I do get the requested results in a straight table chart with dimensions Country, City, Month and an expression like

Linest_m(TOTAL<Country,City> Aggr(Sales, Country, City, Month), Month) * Month +

Linest_b(TOTAL<Country,City> Aggr(Sales, Country, City, Month), Month)

7 Replies

Re: Multi-dimensional regression analysis

Why not do it in the load script ?

Data :

LOAD Month,

     Country,

     City,

     Sales,

     Trend as [Sample Trend]

FROM

[https://community.qlik.com/thread/163359]

(html, codepage is 1252, embedded labels, table is @1);

Months:

Load

  recno() as Month

AutoGenerate 12

;

Outer Join ( Months )

Load distinct

     Country,

     City

resident Data

;

join ( Data )

load

  *

resident Months

;

drop table Months ;

Left Join (Data)

Load

City,

linest_m(Sales , Month) as M

resident Data

group by City;

Left Join (Data)

Load

City,

linest_b(Sales , Month) as B

resident Data

group by City;

right Join (Data)

load

  * ,

  ( M * Month ) + B as Trend

resident Data

;

Not applicable

Re: Multi-dimensional regression analysis

Thanks Bill, there are three reasons I've avoided this so far:

1. My load scripts are primarily oriented toward loading data via SQL, it would be nice to have a clean separation of concerns, with scripts doing data extraction and report objects doing analytics.

2. My load scripts tend to take up to 20 minutes to execute, and we add more queries on a regular basis.

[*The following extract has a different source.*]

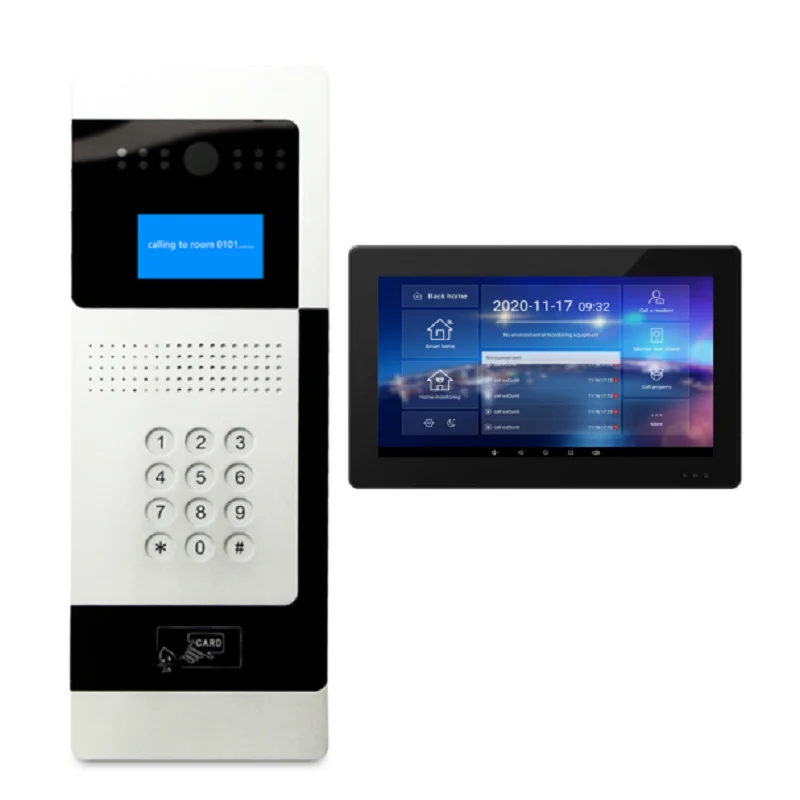 3.5' TFT security entrance system Mechanical buttons ip video doorphone camera intercom systems for apartment buildings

Coding and debugging this there would be more labor intensive and time consuming than leveraging report objects.

3. Am still new to QV, and have not had the time yet to study the scripting capability to the extent needed to do something like this.

Is scripting the only option here?

Re: Multi-dimensional regression analysis

Matt

I disagree with the ethos of "scripts doing data extraction and report objects doing analytics."

Dashboard object expressions are evaluated dynamically at run time and slow down the End User dashboard performance.

Script transformations are run in batch and do not slow down End User dashboard performance, indeed the opposite as by removing them from the dashboard GUI, the End User dashboard performance will improve.

I would venture to guess for your 20 minute load script run that the vast majority of the time is spent waiting for data to arrive from the database via SQL statements, as databases are normally on discs which have noticeable latency. QlikView scripts multi-thread well at run time, so the additional script processing will probably be done whilst the SQL extract thread is waiting on the disc latency - so it may well not increase your script run time noticeably.

Notwithstanding that it could probably done in a front end expression, but I would avoid doing that.

Not applicable

Re: Multi-dimensional regression analysis

Good points. It must be possible to separate concerns at the script level as well, it's really the time required to load the data and test changes that I am worried about here. If performance becomes an issue in the UI, we'll look to move more of the analytics to the scripting layer as you suggest. Still curious though whether this problem has a solution at the report object level.

MVP
MVP

Re: Multi-dimensional regression analysis

Matt,

I do get the requested results in a straight table chart with dimensions Country, City, Month and an expression like

Linest_m(TOTAL<Country,City> Aggr(Sales, Country, City, Month), Month) * Month +

Linest_b(TOTAL<Country,City> Aggr(Sales, Country, City, Month), Month)

Not applicable

Re: Multi-dimensional regression analysis

Interesting swuehl, this is the correct answer. One thing I don't understand: What lead me down this path initially was that it seemed necessary to include the first dimension in the <> qualifier as:

Linest_m(TOTAL<Month, Country, City> Aggr(Sales, Country, City, Month), Month) * Month +

Linest_b(TOTAL<Month, Country, City> Aggr(Sales, Country, City, Month), Month)

Which yields a null result. Simply excluding that first dimension from the qualifier as in your example solves the problem. As a new user this is unintuitive, why does including the full description of a record's identity in the qualifier fail?

Thanks!

MVP
MVP

Re: Multi-dimensional regression analysis

I think that would translate to something like 'calculate the linear regression (dependent = Sales, independent = Month) per Month, Country and City' and it's hard to do that with singular data points.